Loki Rules and Alerts Issues sending to Mimir

mdiorio · May 24, 2023, 7:27pm

This doesn’t feel like it should be so difficult.

I have a recording rule set up in Loki, sending the data to Mimir, yet it never arrives and there are no errors either in Loki or in Mimir. I have tried creating an Alert rule and that does work.

sum by (site)(count_over_time({job="cloudflare"} | json | ClientRequestURI!~".*(cdn-cgi|ico|js|jpg|jpeg|ico|tokens|png|webp|cfm|css|webmanifest)" [1m]))

  rulerConfig:
    enable_api: true
    enable_alertmanager_v2: true
    alertmanager_url: http://mimir-alertmanager.mimir.svc:8080/alertmanager
    storage:
      type: s3
      s3:
        s3: s3://keys@us-east-2
        bucketnames: monitoring-loki-rules
    remote_write:
      enabled: true
      client:
        url: http://mimir-nginx.mimir.svc:80/api/v1/push

In the Loki Backend pod, I can see the rule being executed:

level=info ts=2023-05-24T17:09:37.620230802Z caller=metrics.go:152 component=ruler org_id=fake latency=fast query=“sum by (site)(count_over_time({job="cloudflare"} | json | ClientRequestURI!~".*(cdn-cgi|ico|js|jpg|jpeg|ico|tokens|png|webp|cfm|css|webmanifest)"[1m]))” query_hash=414661914 query_type=metric range_type=instant length=0s start_delta=174.601775ms end_delta=174.602052ms step=0s duration=89.152282ms status=200 limit=0 returned_lines=0 throughput=175MB total_bytes=16MB lines_per_second=127601 total_lines=11376 total_entries=1 store_chunks_download_time=0s queue_time=0s splits=0 shards=0 cache_chunk_req=0 cache_chunk_hit=0 cache_chunk_bytes_stored=0 cache_chunk_bytes_fetched=0 cache_chunk_download_time=0s cache_index_req=0 cache_index_hit=0 cache_index_download_time=0s cache_result_req=0 cache_result_hit=0 cache_result_download_time=0s

For Alerts, I do see the alert triggering in Grafana Alerts, however I’m also seeing the following in the logs:

Loki Backend:

caller=dedupe.go:112 storage=registry manager=tenant-wal instance=fake component=remote level=error remote_name=fake-rw-mimir url=http://mimir-nginx.mimir.svc:80/api/v1/push msg="non-recoverable error" count=3 exemplarCount=0 err="server returned HTTP status 400 Bad Request: failed pushing to ingester: user=fake: the sample has been rejected because another sample with the same timestamp, but a different value, has already been ingested (err-mimir-sample-duplicate-timestamp).
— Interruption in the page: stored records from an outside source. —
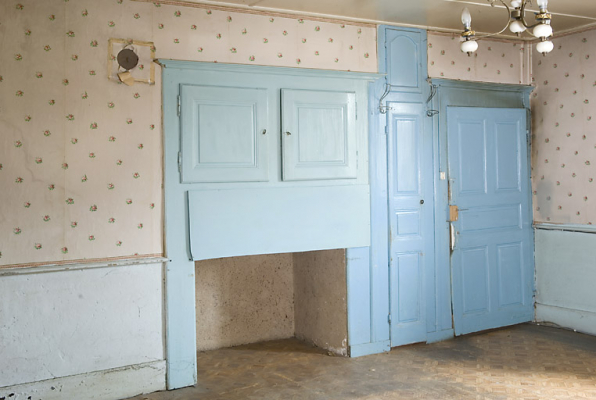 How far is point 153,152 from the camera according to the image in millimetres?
4070

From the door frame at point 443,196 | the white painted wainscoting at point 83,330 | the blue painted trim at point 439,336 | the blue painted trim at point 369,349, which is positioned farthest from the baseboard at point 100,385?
the door frame at point 443,196

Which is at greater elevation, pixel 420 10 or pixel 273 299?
pixel 420 10

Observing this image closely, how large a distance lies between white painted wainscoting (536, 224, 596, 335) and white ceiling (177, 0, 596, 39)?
1.87 m

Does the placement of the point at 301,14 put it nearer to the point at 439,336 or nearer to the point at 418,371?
the point at 418,371

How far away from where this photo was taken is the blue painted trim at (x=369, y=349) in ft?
15.8

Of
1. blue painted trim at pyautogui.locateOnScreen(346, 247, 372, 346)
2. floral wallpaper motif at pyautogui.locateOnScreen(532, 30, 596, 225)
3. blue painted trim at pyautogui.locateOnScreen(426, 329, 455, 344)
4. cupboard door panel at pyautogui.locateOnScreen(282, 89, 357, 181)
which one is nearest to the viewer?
cupboard door panel at pyautogui.locateOnScreen(282, 89, 357, 181)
The affected sample has timestamp 2023-05-24T19:24:37.445Z and is from series {__name__=\"ALERTS_FOR_STATE\", alertname=\"Test Loki Alert Rule\", site=\"sitename\"}"

Mimir

caller=grpc_logging.go:43 level=warn duration=1.021925ms method=/cortex.Ingester/Push err="rpc error: code = Code(400) desc = user=fake: the sample has been rejected because another sample with the same timestamp, but a different value, has already been ingested (err-mimir-sample-duplicate-timestamp). The affected sample has timestamp 2023-05-24T19:10:37.445Z and is from series {__name__=\"ALERTS_FOR_STATE\", alertname=\"Test Loki Alert Rule\", site=\"sitename\"}" msg=gRPC

dannykopping · May 26, 2023, 7:21am

It would appear that this alert is being generated by multiple Loki instances, all of which have the same labels. To work around this, you can add a label which uniquely identifies the pod from which the alert was generated.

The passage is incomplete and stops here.